NHTSA has narrowed the issue down to a memory device. The infotainment hardware is only rated for 3,000 program-erase cycles before wearing out – after which it struggles to prevent the data it stores from becoming corrupted. This means the infotainment screen doesn’t have access to all of its software, which causes the loss of functions.

Tesla says it will upgrade its old 8GB memory device with a new 64GB unit as part of the recall. However, Al Prescot, Vice President of Tesla’s legal department, said the hardware troubles demonstrated the problem of “electronic components becoming increasingly more complex, while the expected useful life of vehicles has grown substantially.”
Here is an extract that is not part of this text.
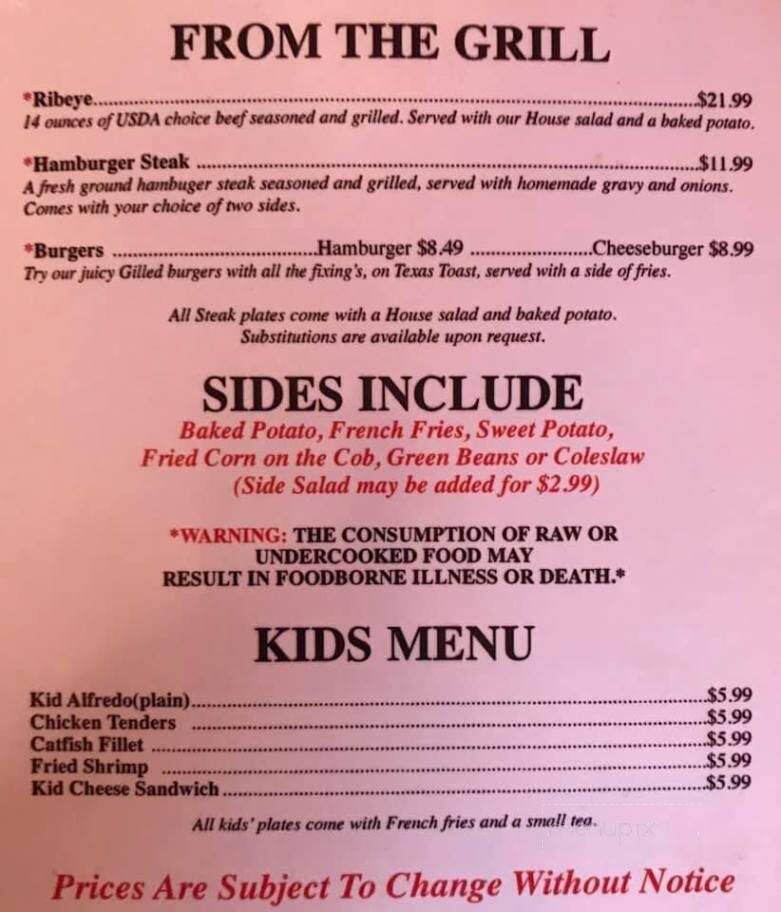 Down South Seafood - Sparta, GA menu_pic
Prescot also said that Tesla’s first-generation infotainment system was only expected to last between five and six years under average daily usage conditions, due to the finite capacity of the unit’s storage hardware. 

Tesla is keen to stress that it was aware of the problem and has already updated the storage devices in some of its older cars. However, the affected owners paid to have the issue resolved – and now that the problem has been flagged as an official recall Tesla says it will refund the relevant customers.

Tesla has had some further struggles – the launch of the new Roadster has been pushed back to 2022. Read all the latest news here…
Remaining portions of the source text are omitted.